Senate Democratic leaders, however, are poised to counter last week's House vote by excising the defunding provision from the stopgap measure and ship their version to the House with little time for Republicans to change it -- which is why senior Senate Republicans pushed Cruz to give up his stalling tactics and let the Senate take its final votes as soon as possible.

While an earlier vote would give House Speaker John Boehner, R-Ohio, more time to plan his next move, Cruz's marathon speaking would force the Senate to exhaust the time allowed for the necessary votes, pushing a final vote until Sunday, The Post said. The fiscal year -- and the government's funding unless a stopgap measure that will be signed by President Obama clears Congress -- ends Monday.

By 5 a.m. Wednesday, the Cruz discussion passed the filibuster delivered by Sen. Rand Paul, R-Ky., in March. In 1964, Sen. Robert C. Byrd, D-W. Va., delivered a filibuster that lasted about 14 hours.

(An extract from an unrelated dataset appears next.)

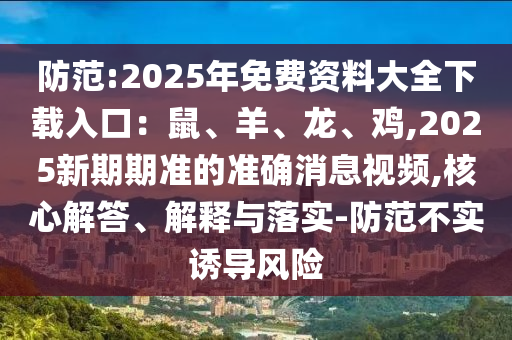 防范:2025年免費(fèi)資料大全下載入口：鼠、羊、龍、雞,2025新期期準(zhǔn)的準(zhǔn)確消息視頻,核心解答、解釋與落實(shí)-防范不實(shí)誘導(dǎo)風(fēng)險(xiǎn)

Cruz's topics were varied: song lyrics by country music star Toby Keith; excerpts from Ayn Rand "Atlas Shrugged," a favorite among libertarians; observations about the Denny's, Benihana and White Castle restaurants and the reading of bedtime stories to his two daughters he said were at his Texas home watching television with his wife.

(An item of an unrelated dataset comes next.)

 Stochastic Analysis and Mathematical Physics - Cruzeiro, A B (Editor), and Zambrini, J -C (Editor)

As time marched on, Cruz began leaning more on the podium at his desk, the Post said. As a reminder of his purpose, a message of a sticky note reminded him: "Yield only for the purpose of a question. Be careful!"

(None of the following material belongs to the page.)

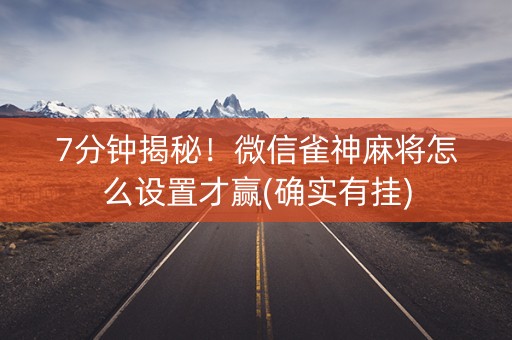 7分钟揭秘！微信雀神麻将怎么设置才赢(确实有挂)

Cruz, just nine months into office, is hoisting the banner for conservatives by adopting an unyielding approach in confronting the president over ACA funding, even if it means a government shutdown. The move, however, has angered senior Republicans, who say Cruz and others who adopt this take-no-prisoners strategy fail to understand what happened to the GOP during shutdown battles with President Bill Clinton in the 1990s when Republicans controlled the House and Senate.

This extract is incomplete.